Free Comparison Of Assessment Tool Constructs Research Paper Sample

Type of paper: Research Paper

Topic: Scale, Marriage, Social Issues, Relationships, Love, Satisfaction, Education, Validity

Pages: 5

Words: 1375

Published: 2020/11/23


There are different assessment tools which play one basic role in psychology. This special role is basically to identify, analyze, and address the issues, circumstances or problems that a psychological client may be having. Assessment is not only critical to diagnosing clients, but is also important in spotting the root courses of problems in one’s life, planning and developing measures to curb these problems (Flowers, 1990, p. 207). Despite being an important tool, it should never be used as a means to an end for example in offering label to clients. However, it should be used identify statements and strategies to assist individuals, couples or families register significant progress in their counseling sessions. This comprehensive analytical paper will illustrate the difference between two different assessment tools, the Marital satisfaction tool (which is my selected tool) and the dyadic adjustment scale that are used for couples.

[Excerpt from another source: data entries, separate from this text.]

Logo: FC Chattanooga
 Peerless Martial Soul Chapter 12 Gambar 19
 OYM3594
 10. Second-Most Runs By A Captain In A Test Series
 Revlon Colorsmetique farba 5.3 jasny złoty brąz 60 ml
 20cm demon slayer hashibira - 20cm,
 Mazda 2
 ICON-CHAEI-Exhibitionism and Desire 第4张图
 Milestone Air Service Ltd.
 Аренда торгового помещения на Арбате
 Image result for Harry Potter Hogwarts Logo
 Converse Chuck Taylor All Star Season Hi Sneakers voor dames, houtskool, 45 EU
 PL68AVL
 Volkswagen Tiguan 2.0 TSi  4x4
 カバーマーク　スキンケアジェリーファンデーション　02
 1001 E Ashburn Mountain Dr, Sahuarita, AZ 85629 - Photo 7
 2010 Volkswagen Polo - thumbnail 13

The Marital Satisfaction Inventory

This assessment tool was developed with the target group being professionals such as therapists and counselors working with couples who are on a mission to adapt conjoint therapy. Having been developed quite a long time ago, it has been revised one time to encompass all types’ relationships. This means that, unlike the old Marital Satisfaction assessment tool, the new one can be used by not only couples who have been married for six months, but also with a variety of couples including same sex couples.

Dyadic Adjustment Scale

The dyadic adjustment scale, unlike the Miller marriage scale, is a 32 item scale used to evaluate and analyze the extent to which couples or people living together in a dyadic relationship adjust and conform to each other. Just like the Miller marriage scale, couples respond to the 32 items and their answers used to determine their outcome. However, unlike the Miller Marriage scale, in the Dyadic Adjustment scale, the couples are expected to record the extent to which they are in terms or have disagreements with their partners and as well estimate the extent to which they share activities with their partners (Van Braket et al., 2006, p. 200). This scale appears to be more advanced, and it yields the total adjustment scores in four subscales which are the Dyadic Cohesion, Dyadic Satisfaction, Dyadic Consensus and Affectional Expression.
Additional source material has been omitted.